The homework for this week of the Cover Design class was to design a full book cover for one of our own books – the front, back, and spine. I already have a cover for my upcoming book, so I decided to go with book #2. I’ve been using The Selkie and the Sidhe as the working title, but it’s become clear that it needs a new title, partly because I’m getting tired of explaining to my friends and family what a Sidhe is. The other reason is that this title doesn’t say anything interesting about the story. It’s set right around Midsummer, so I’m playing with things along that theme. The current leader is At the Height of Midsummer. I briefly wondered if that was a bad idea – do I really want to be known as the author whose book titles all begin with prepositions? But really, there are worse things to be known for…so I’m waiting to see if this title sticks.
Since I’m still on the title fence, I decided to go with the working version for my assignment. My original thought was to use a photo of the Oregon coast for the art, since part of the story takes place along the Oregon coast (which was where I was at when I started writing it…maybe all that rain is inspiring after all…).
(I’m not posting the whole thing since I don’t own the image…sorry! pretend there’s a big, black rock sticking out of the ocean underneath the title.)
It’s not a bad cover – at least not unless Dean and Allyson’s assessment of it is, so we’ll see what they say about my homework. 🙂 I really like the colors and the background image.
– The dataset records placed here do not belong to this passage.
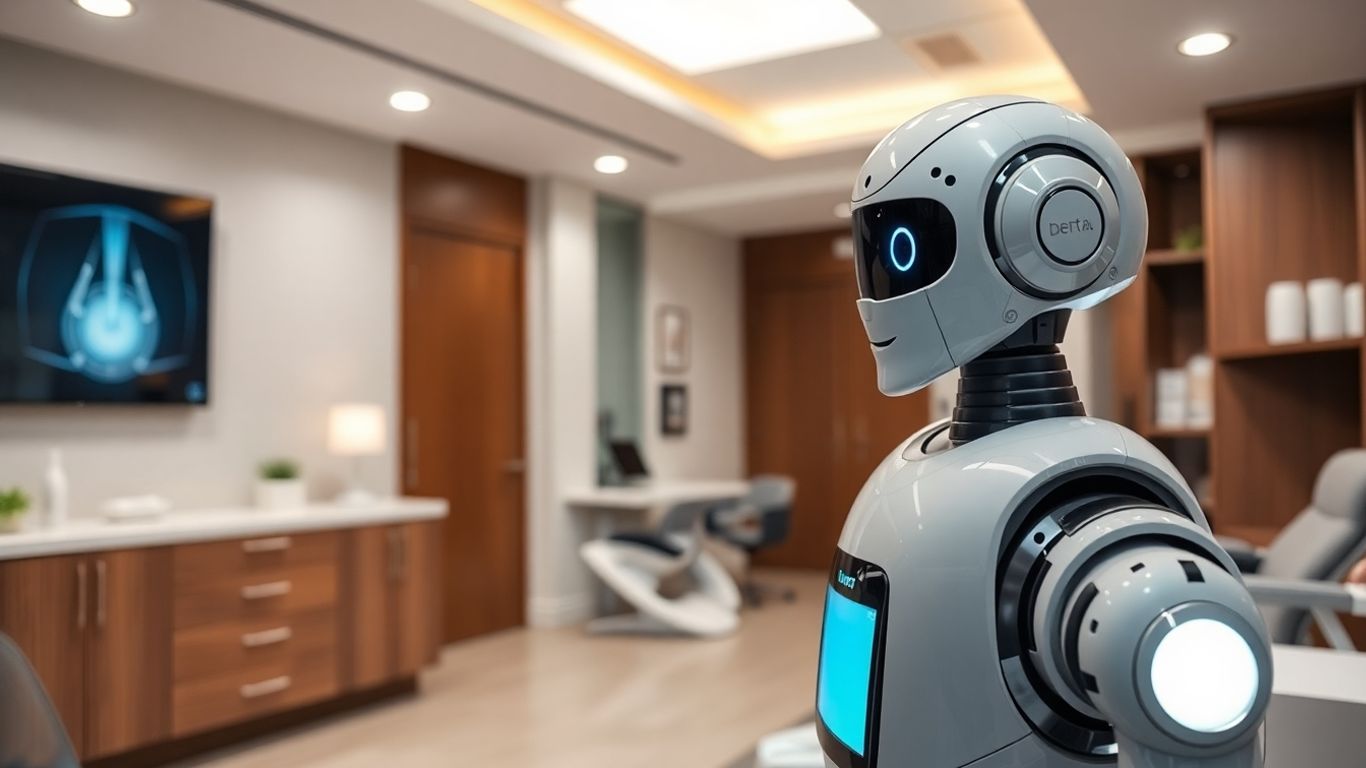 AI receptionist assisting patient in a dental office.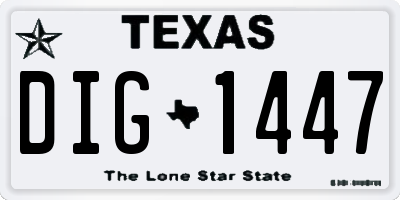 TX license plate DIG1447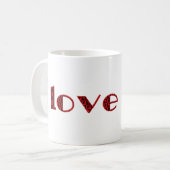 Ich Liebe Sie Valentine Cupid Typografie Red Black Kaffeetasse (Vorderseite Links)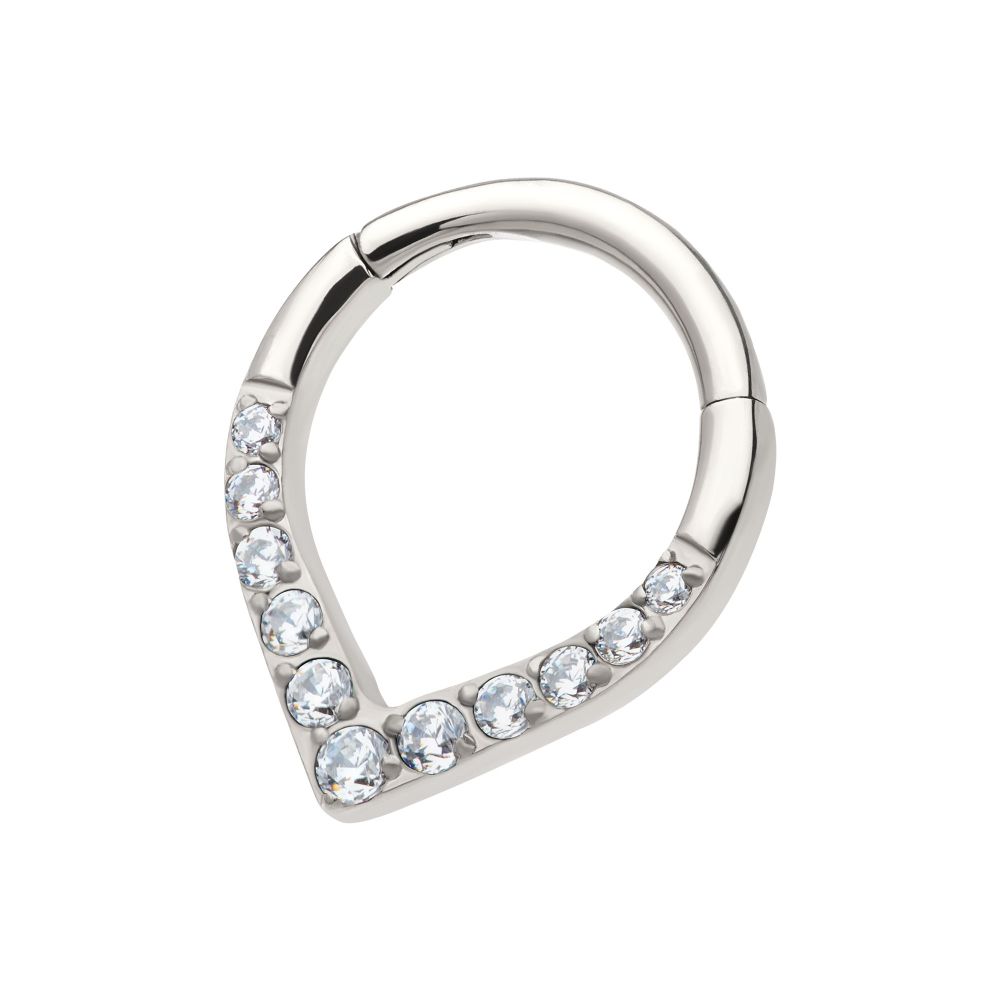 Titanium CNC Set Round CZ/Opal Front Facing Teardrop Shape Hinged Segment Clicker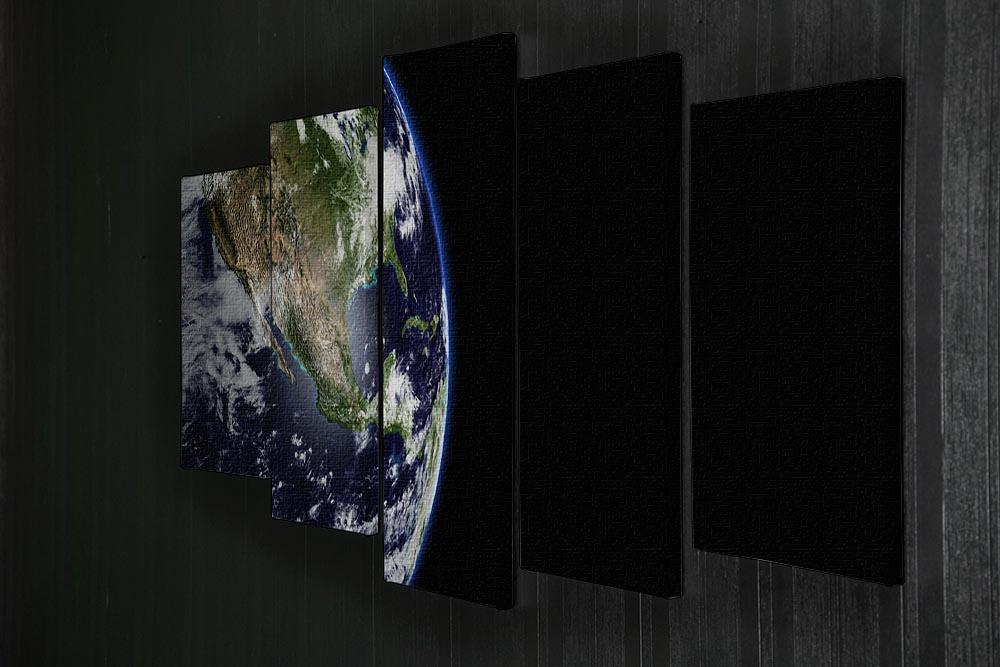 Planet Earth in universe or space 5 Split Panel Canvas - Canvas Art Rocks - 2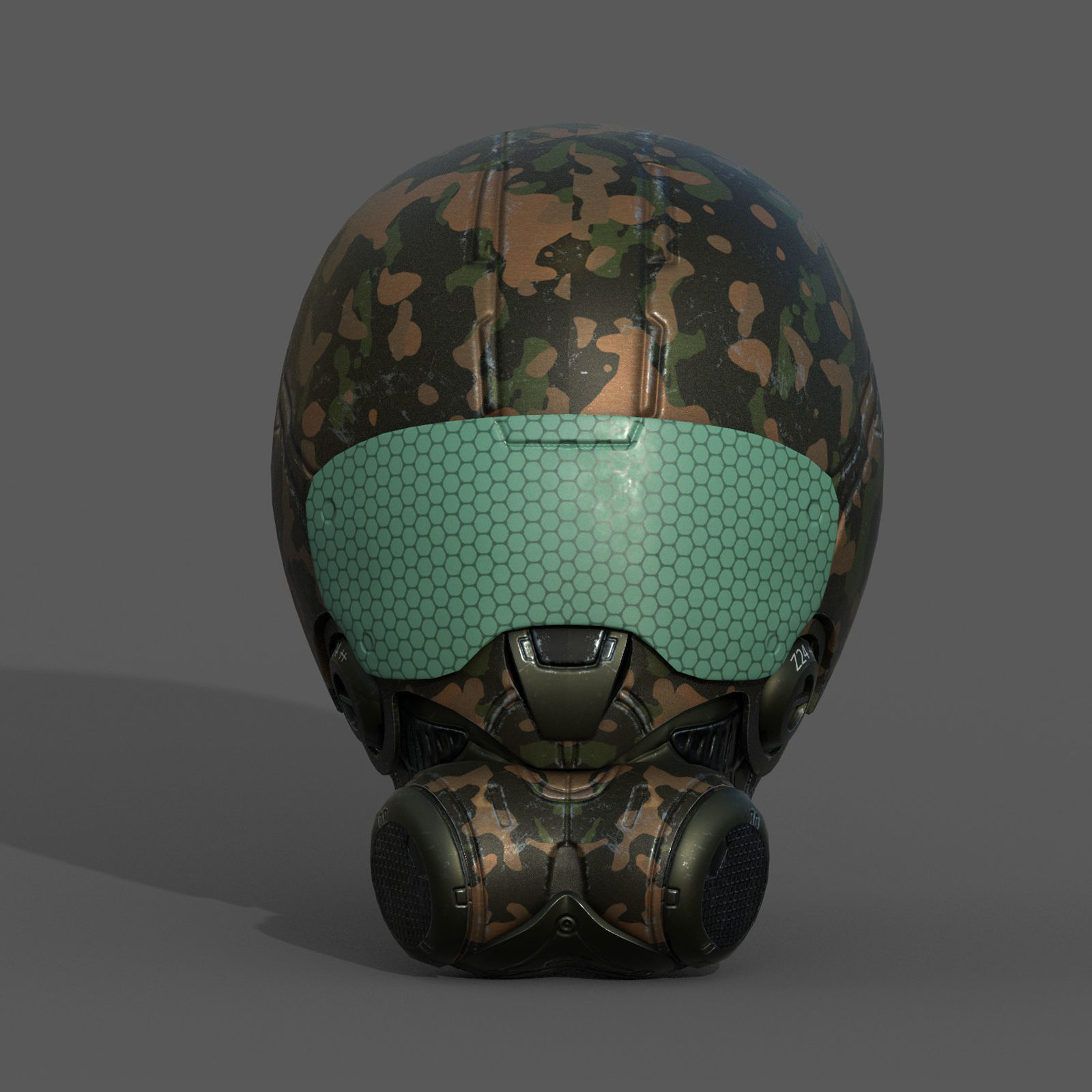 Helmet scifi armor combat fantasy armor Low-poly 3D model_1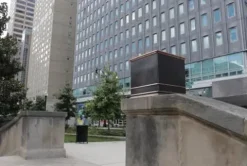 Garden Artisans Zarif Elegant 17 Inch Square Copper Planter Grey Finish With Copper Highlights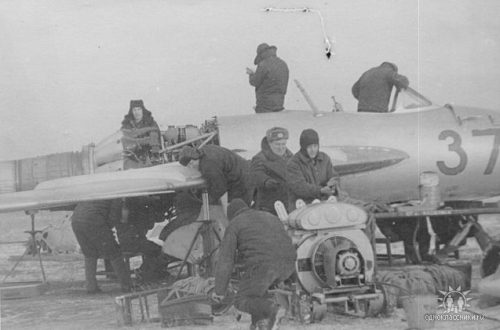 Soviet MiG-17 Fresco-A at Sennoy - Bagay-Baranovka airbase in the seventies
But it doesn’t imply the energy that the story contains. It’s a mellow, relaxed cover. It would work well for a book on meditation, not one about a selkie whose seal skin has been stolen, and a fairy who is being hunted by other fairies.
To contrast, here’s the top of the cover for my soon-to-be-released novel:
It’s the same font (Bodoni), but it has a totally different feel – and it does fit the story very well. There’s much more energy even in just this portion of the cover. And the images we chose – which you can’t see here, since I’m focusing on the title – tie in several major elements from the novel.
I have no idea what the cover for book #2 will look like, but this assignment was a great way to learn about cover design – as well as title choice. Putting together a cover that really does look pretty good, but which is drastically wrong for my book, drilled some concepts into my head in a way that reading about them never would have.